Księża i ich sutanny

O akcji „Nie wstydzę się Jezusa” zapewne słyszeliśmy a i pewnie wielu poparło tę akcję czynnie. Podobnie jest i w mojej parafii, gdzie księża do gazetki parafialnej chętnie się sfotografowali ze znaczkiem tej akcji.

Nie przeszkadza im by sutannę nosić tylko w drodze na Mszę św. którą mają odprawić i koniec. Czy księża wstydzą się nosić sutannę codziennie, czy może boją się jej?
Wielu księży chyba zapomniało o słowach kard. S. Wyszyńskiego – (…) Nie mogę odłożyć pióra, zanim nie dotknę tu jeszcze jednej sprawy, która ma dla wspólnoty kleru większe, niż się wydaje znaczenie, a dla Ludu Bożego jest społecznym wyznaniem wiary. Mam na myśli sutannę kapłańską. Sutanna nie jest ubiorem w szeregu innych strojów, ale jest wyznaniem wiary przed ludźmi, jest odważnym świadectwem danym Chrystusowi, jest przyznaniem się do Kościoła. Dlaczego zdjąłem znak wiary i kapłaństwa. Czy z lęku? Ze słabości? Nie! Zdjęcie stroju duchownego to to samo, co usunięcie krzyża przydrożnego, aby już nie przypominał Boga. (…) Kiedy raz przybrałem ten strój, muszę nie tylko pytać siebie, czy go noszę, ale w rachunku sumienia pytać – jeśli to miałoby się zdarzyć.
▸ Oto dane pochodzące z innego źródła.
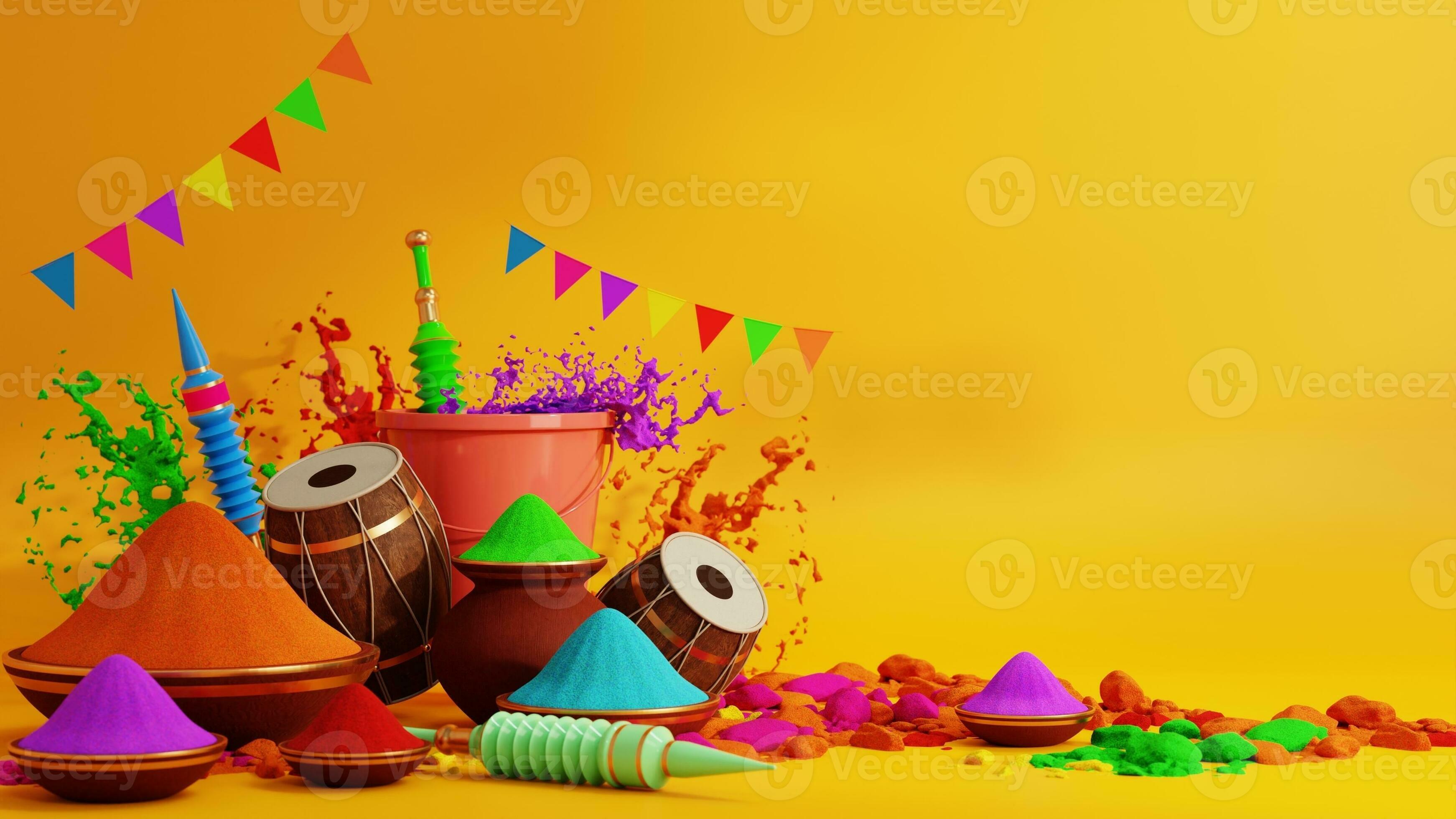3d rendering illustration for holi festival of colors colorful ...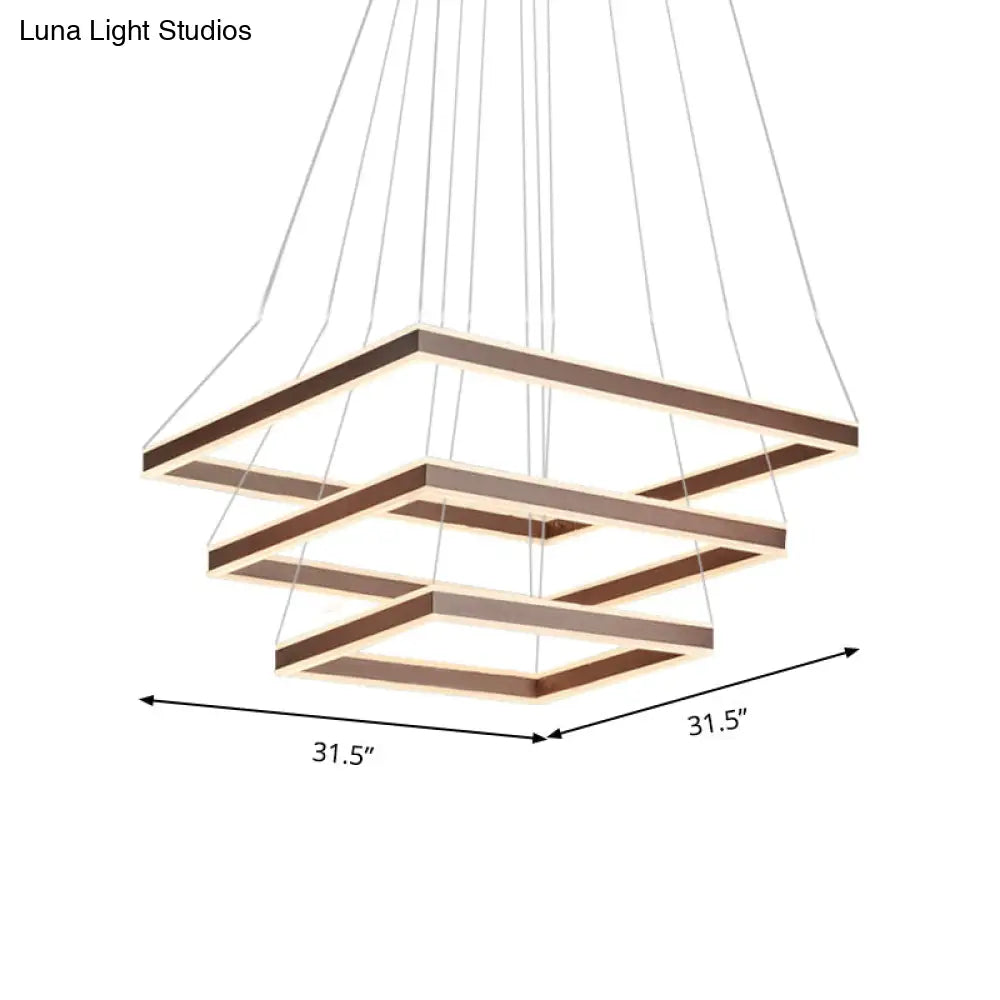 Modern Acrylic Square Ceiling Pendant Led Brown Chandelier Light In Warm/White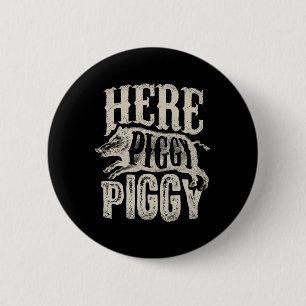 Här Piggy T Shirt Boar Hunting Vintage Gris Knapp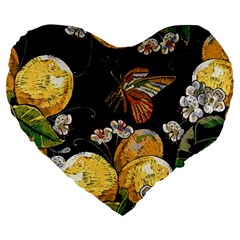 Embroidery Blossoming Lemons Butterfly Seamless Pattern Large 19  Premium Heart Shape Cushions by Ket1n9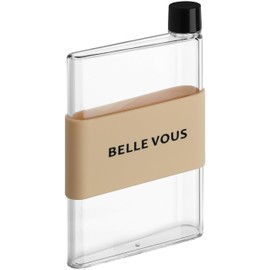 BELLE VOUS Flat Plastic Portable Water Bottle - 480ml/16oz BPA-Free Slim Reusable Bottle - Ideal for Sports, Travel/Camping & School - Fits in Any Bag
Z jednej strony jest narzekanie, że wierni traktują wiarę od święta, że są wierzącymi tylko w kościele. Wychodząc z kościoła stają się osobami jakby niewierzącymi. Poza dniem świątecznym nie myślą o nauce Kościoła, dzień powszedni jest właściwie pozbawiony Boga i Jego nauki.

W tym swoim podejściu można  powiedzieć, że wierni podobni są do księży i ich stosunku do noszenia stroju jednoznacznie wskazującego na stan duchowny. Sutanna noszona jest tylko w kościele, poza kościołem jest strój świecki. Spotkać na ulicy księdza w sutannie to rzadkość prawie niewystępująca. Tak jak duszpasterze podchodzą do stroju tak wierni podchodzą do nauk głoszonych przez tych księży. Księża swoim traktowaniem stroju świadczą o głoszonej nauce a tym jak oni sami podchodzą do swojego powołania.